Records contained in a dataset:
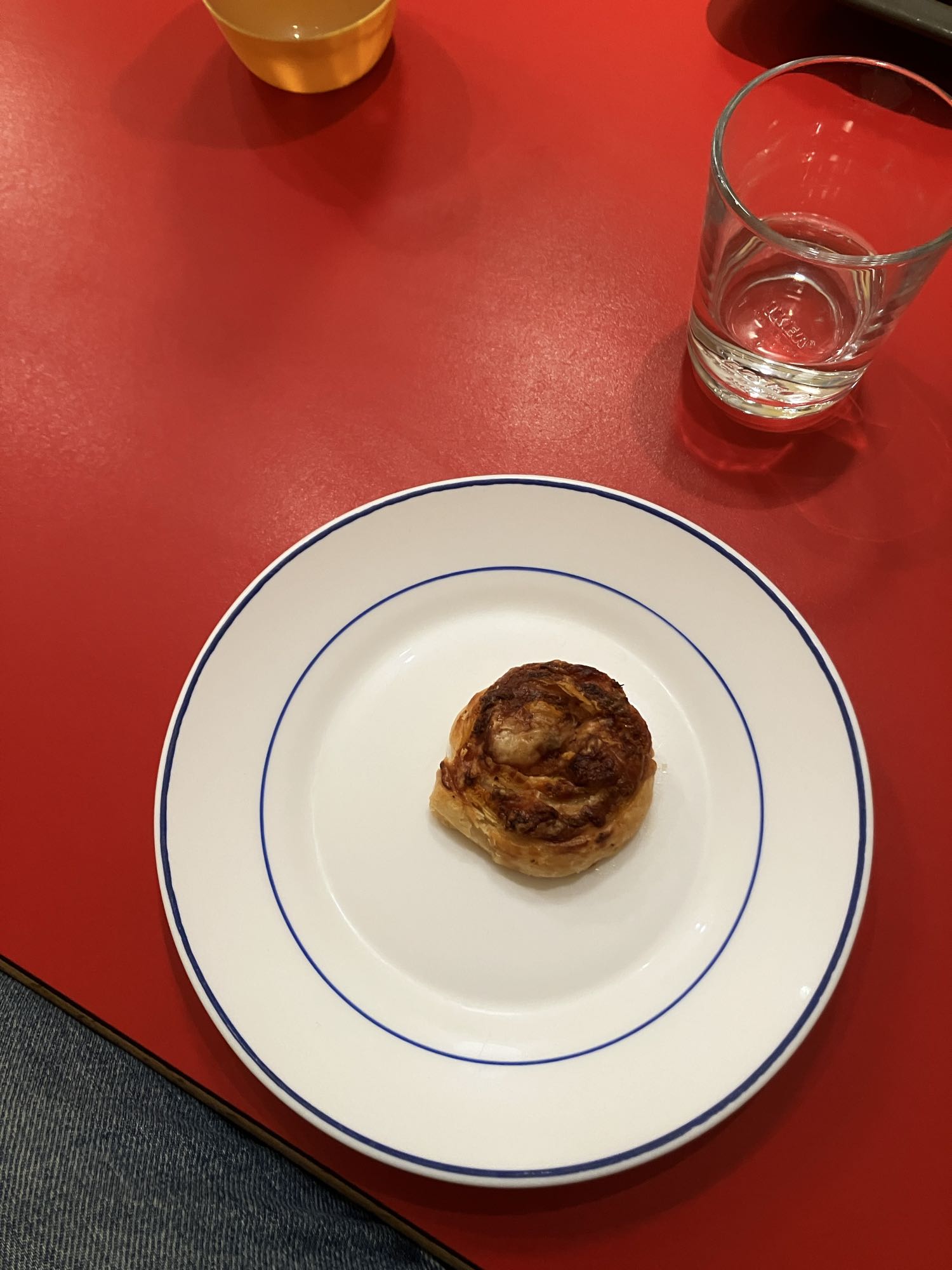 folhado de tomate e pimentão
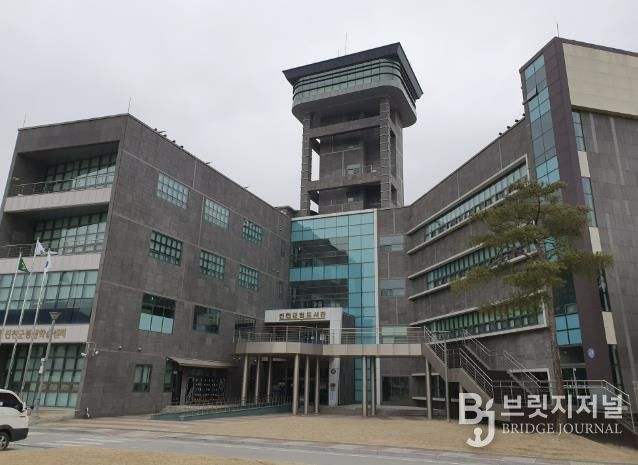 진천군립도서관 전경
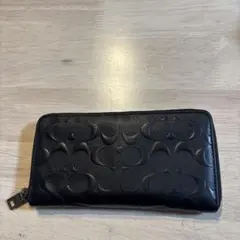 COACH ブラックレザー長財布 エンボスデザイン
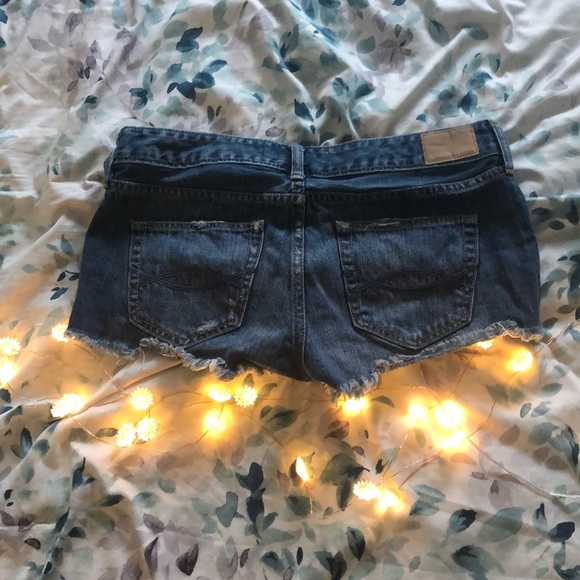 Abercrombie shorts - Picture 2 of 2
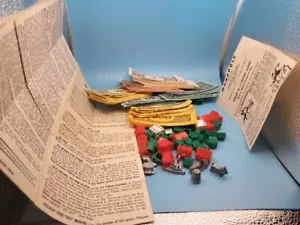 Original Vintage 1960s Monopoly Game Pieces, Instructions,and Bills,look At Pics - Picture 1 of 5
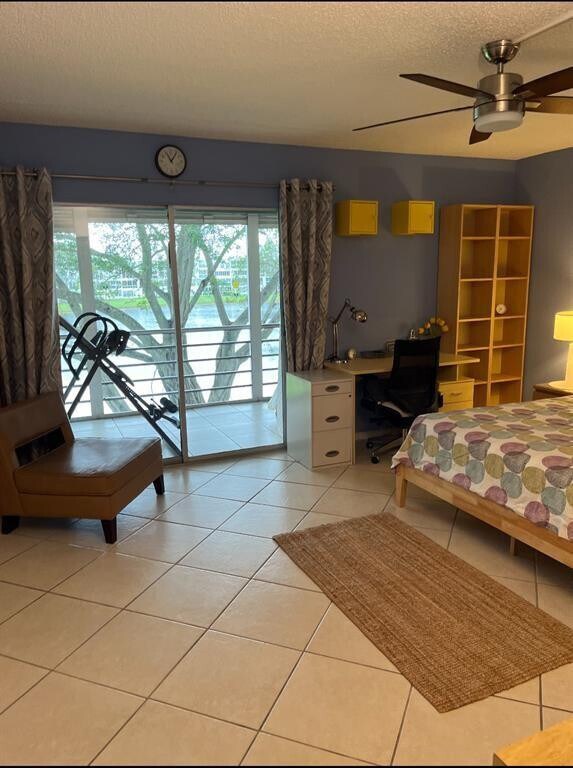 Building Photo - 3058 Cambridge C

THE TASK: Please set down the lines from the one with "Abercrombie shorts - Picture 2 of 2" to the end of the entries above, exactly as they are, and drop every picture.

TASK ANSWER:
 Abercrombie shorts - Picture 2 of 2
 Original Vintage 1960s Monopoly Game Pieces, Instructions,and Bills,look At Pics - Picture 1 of 5
 Building Photo - 3058 Cambridge C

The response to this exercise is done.